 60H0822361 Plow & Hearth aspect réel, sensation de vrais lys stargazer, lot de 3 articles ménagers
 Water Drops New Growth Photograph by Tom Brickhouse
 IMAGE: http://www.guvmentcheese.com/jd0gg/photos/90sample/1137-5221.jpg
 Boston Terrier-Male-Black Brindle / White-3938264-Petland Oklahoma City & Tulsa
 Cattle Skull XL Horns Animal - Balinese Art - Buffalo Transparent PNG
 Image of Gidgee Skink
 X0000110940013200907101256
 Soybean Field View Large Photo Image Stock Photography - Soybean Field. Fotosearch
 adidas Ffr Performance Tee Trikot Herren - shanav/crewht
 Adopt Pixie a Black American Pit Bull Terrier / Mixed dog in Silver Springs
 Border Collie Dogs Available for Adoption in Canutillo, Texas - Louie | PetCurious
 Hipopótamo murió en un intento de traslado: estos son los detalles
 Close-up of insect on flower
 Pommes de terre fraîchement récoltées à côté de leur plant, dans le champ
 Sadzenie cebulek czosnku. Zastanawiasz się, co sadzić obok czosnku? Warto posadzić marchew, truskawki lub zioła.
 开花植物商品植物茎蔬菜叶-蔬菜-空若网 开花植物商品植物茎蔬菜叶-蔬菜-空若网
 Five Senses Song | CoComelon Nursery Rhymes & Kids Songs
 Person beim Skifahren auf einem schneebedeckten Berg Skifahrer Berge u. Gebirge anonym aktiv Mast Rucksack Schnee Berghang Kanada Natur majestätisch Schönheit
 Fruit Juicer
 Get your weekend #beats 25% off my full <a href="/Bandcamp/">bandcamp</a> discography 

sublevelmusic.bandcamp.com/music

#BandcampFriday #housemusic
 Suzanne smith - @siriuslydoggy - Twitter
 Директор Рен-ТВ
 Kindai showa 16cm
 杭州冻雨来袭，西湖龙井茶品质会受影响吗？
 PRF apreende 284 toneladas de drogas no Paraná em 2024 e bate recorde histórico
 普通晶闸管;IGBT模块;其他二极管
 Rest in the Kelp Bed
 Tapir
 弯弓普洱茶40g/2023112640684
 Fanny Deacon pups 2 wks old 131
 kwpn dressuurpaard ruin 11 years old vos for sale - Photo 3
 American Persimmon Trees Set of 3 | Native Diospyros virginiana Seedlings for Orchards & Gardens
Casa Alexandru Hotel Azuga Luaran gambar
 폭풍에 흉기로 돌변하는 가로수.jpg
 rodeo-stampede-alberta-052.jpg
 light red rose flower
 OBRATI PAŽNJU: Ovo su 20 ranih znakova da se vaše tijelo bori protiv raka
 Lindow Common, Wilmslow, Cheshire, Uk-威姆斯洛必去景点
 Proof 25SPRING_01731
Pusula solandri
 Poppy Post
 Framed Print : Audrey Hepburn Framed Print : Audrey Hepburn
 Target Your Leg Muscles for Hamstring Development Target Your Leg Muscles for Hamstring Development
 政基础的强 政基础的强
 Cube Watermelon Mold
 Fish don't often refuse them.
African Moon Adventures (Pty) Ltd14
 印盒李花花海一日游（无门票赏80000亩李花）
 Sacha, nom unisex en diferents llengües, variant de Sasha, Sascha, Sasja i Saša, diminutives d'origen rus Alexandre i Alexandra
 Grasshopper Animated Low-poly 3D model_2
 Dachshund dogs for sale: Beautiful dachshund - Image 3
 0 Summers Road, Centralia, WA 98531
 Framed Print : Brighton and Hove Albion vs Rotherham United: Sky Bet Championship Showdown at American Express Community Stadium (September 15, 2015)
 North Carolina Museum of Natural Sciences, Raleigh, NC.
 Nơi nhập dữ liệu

## Task directions
Your answer must be the lines above from the one containing "Soybean Field View" to the one containing "Fruit Juicer", both included, restated word for word.

## Exercise result
 Soybean Field View Large Photo Image Stock Photography - Soybean Field. Fotosearch
 adidas Ffr Performance Tee Trikot Herren - shanav/crewht
 Adopt Pixie a Black American Pit Bull Terrier / Mixed dog in Silver Springs
 Border Collie Dogs Available for Adoption in Canutillo, Texas - Louie | PetCurious
 Hipopótamo murió en un intento de traslado: estos son los detalles
 Close-up of insect on flower
 Pommes de terre fraîchement récoltées à côté de leur plant, dans le champ
 Sadzenie cebulek czosnku. Zastanawiasz się, co sadzić obok czosnku? Warto posadzić marchew, truskawki lub zioła.
 开花植物商品植物茎蔬菜叶-蔬菜-空若网 开花植物商品植物茎蔬菜叶-蔬菜-空若网
 Five Senses Song | CoComelon Nursery Rhymes & Kids Songs
 Person beim Skifahren auf einem schneebedeckten Berg Skifahrer Berge u. Gebirge anonym aktiv Mast Rucksack Schnee Berghang Kanada Natur majestätisch Schönheit
 Fruit Juicer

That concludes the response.